[TASK GOAL] Could you copy every line of the data that contains the word "Party"?

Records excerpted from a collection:
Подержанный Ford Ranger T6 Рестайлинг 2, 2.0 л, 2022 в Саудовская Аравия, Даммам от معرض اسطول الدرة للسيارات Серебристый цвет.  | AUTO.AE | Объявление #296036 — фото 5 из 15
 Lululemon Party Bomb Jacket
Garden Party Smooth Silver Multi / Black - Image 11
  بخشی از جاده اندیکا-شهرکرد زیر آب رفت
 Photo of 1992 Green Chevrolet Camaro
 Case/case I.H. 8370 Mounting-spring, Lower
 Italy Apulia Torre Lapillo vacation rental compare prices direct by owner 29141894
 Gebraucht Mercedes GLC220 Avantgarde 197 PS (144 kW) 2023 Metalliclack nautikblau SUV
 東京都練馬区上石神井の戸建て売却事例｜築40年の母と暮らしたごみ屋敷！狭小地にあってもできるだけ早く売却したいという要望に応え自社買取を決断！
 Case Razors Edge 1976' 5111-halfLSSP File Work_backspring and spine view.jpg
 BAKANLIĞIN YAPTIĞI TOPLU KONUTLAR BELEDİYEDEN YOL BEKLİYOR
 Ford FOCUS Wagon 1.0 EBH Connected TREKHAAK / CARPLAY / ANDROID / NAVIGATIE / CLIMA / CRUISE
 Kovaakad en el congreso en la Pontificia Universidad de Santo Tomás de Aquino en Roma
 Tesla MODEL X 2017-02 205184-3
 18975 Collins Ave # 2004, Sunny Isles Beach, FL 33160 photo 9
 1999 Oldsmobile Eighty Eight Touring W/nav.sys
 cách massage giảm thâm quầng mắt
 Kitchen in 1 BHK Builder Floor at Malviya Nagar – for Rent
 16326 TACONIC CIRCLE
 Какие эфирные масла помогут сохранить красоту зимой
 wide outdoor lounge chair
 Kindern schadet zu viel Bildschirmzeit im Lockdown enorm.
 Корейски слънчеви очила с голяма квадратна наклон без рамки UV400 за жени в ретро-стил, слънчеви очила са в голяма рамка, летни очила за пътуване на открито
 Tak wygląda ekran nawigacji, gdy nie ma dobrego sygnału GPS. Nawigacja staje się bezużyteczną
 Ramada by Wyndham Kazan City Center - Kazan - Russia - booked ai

[ANSWER TO THIS PROBLEM]
 Lululemon Party Bomb Jacket
Garden Party Smooth Silver Multi / Black - Image 11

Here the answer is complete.